FWIW, parallel::makePSOCKcluster(1) does not have this problem.

Workaround

This stray connection comes from the new setup_strategy = "parallel" in parallelly (>= 1.26.0). One way to avoid it, is to use setup_strategy = "sequential":

> getAllConnections()
[1] 0 1 2
> cl <- parallelly::makeClusterPSOCK(1, setup_strategy = "sequential")
> getAllConnections()
[1] 0 1 2 3
> dummy <- gc()
> 

This can also be set via an option:

options(parallelly.makeNodePSOCK.setup_strategy = "sequential")

or the corresponding environment variable, cf. help("parallelly.options", package="parallelly").

This also works with plan(multisession);

> future::plan(future::multisession, workers = 2, setup_strategy = "sequential")
> getAllConnections()
[1] 0 1 2 3 4
> dummy <- gc()
> 
HenrikBengtsson commented 3 years ago

Since this is a bug in parallelly, I'll transfer this issue over to that repo.

HenrikBengtsson commented 3 years ago

Fixed in the develop version of parallelly, cf. commit 67836def. To install that version, use:

remotes::install_github("HenrikBengtsson/parallelly", ref="develop")
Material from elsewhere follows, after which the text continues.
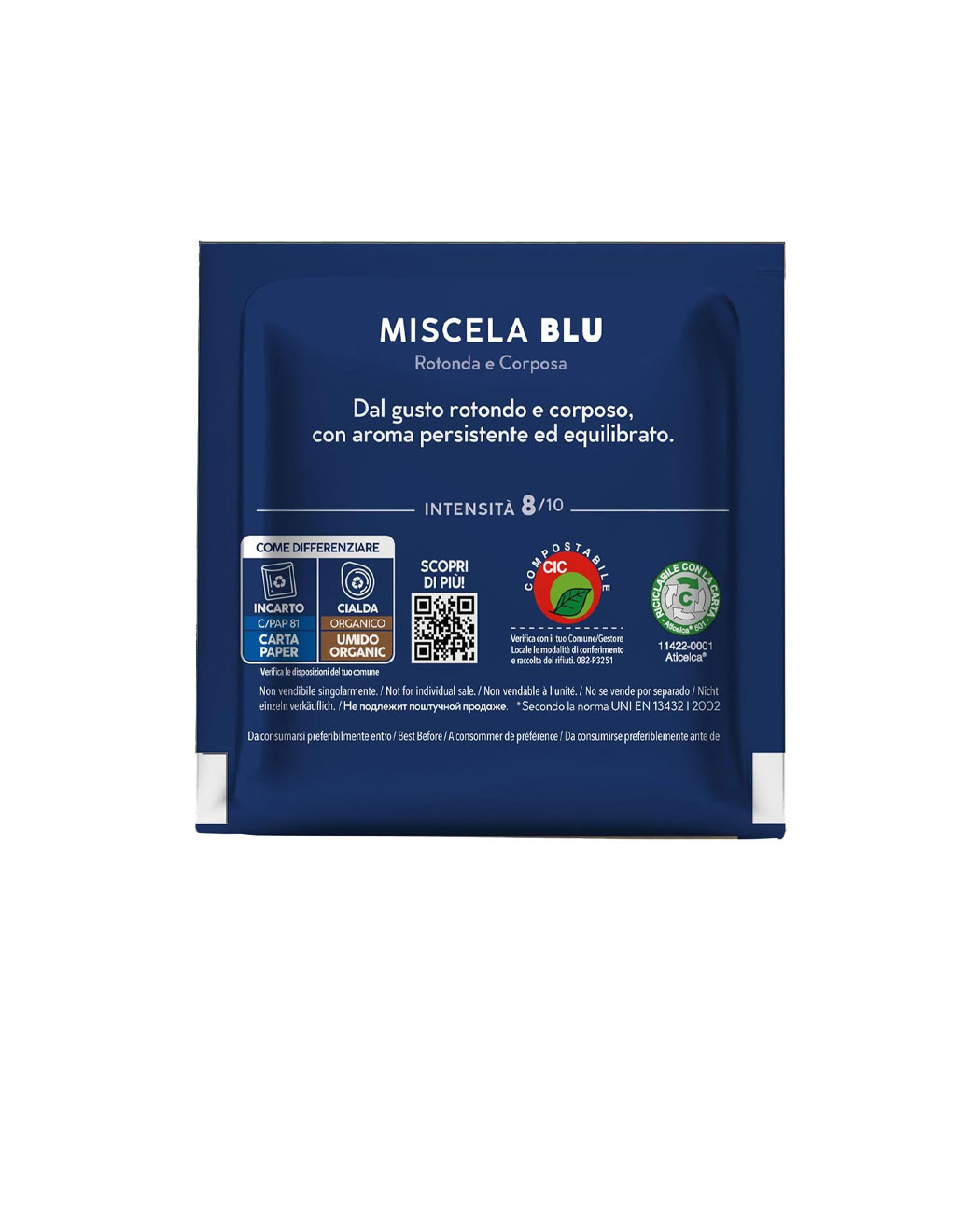100 Paduri Biodegradabile Borbone Espresso Miscela Blu - Compatibile ESE44 100 Paduri Biodegradabile Borbone Espresso Miscela Blu - Compatibile ESE44, imaginea 4 – Kafferoma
Details: The problem was that the socket connection was indeed set up to be cleaned up automatically when exiting makeClusterPSOCK();

https://github.com/HenrikBengtsson/parallelly/blob/67836defe0bee750d9629803e9b40fc55371a839/R/makeClusterPSOCK.R#L200

However, an older strategy would override this at the very end:

https://github.com/HenrikBengtsson/parallelly/blob/67836defe0bee750d9629803e9b40fc55371a839/R/makeClusterPSOCK.R#L350-L351

tzakharko commented 3 years ago

Thanks for the quick fix! Can confirm that the warning is gone. As far as I am concerned, this issue can be closed.